Transcribe the listing below only from the line with "The focus is" up to and including the line with "In this video".

» Records for the exercise
=-=-=

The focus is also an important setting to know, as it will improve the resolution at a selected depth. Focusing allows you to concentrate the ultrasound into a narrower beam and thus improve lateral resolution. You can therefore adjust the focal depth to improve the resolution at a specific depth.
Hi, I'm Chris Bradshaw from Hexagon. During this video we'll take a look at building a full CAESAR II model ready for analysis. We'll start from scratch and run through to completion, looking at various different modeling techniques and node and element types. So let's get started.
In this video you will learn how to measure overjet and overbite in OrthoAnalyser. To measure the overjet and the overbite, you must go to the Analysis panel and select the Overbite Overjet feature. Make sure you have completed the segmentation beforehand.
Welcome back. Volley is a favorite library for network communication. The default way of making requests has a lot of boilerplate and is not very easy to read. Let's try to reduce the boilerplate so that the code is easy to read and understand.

=-=-=

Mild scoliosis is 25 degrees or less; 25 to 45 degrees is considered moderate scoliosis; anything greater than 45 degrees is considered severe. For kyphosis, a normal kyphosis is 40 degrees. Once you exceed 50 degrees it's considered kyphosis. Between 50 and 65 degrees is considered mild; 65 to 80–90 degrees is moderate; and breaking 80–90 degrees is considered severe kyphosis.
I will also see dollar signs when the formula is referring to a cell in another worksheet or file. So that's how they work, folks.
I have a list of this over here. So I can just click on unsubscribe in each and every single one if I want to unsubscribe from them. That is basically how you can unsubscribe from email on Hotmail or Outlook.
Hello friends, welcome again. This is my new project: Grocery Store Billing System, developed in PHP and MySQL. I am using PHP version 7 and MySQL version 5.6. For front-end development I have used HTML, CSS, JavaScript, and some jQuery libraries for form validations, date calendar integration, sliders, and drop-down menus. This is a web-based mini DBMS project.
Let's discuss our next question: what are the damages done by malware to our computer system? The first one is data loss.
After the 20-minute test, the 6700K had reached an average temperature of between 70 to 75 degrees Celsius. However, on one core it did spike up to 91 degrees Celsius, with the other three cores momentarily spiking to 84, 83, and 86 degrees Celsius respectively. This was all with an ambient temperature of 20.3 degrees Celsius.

=-=-=

» Completed task
The focus is also an important setting to know, as it will improve the resolution at a selected depth. Focusing allows you to concentrate the ultrasound into a narrower beam and thus improve lateral resolution. You can therefore adjust the focal depth to improve the resolution at a specific depth.
Hi, I'm Chris Bradshaw from Hexagon. During this video we'll take a look at building a full CAESAR II model ready for analysis. We'll start from scratch and run through to completion, looking at various different modeling techniques and node and element types. So let's get started.
In this video you will learn how to measure overjet and overbite in OrthoAnalyser. To measure the overjet and the overbite, you must go to the Analysis panel and select the Overbite Overjet feature. Make sure you have completed the segmentation beforehand.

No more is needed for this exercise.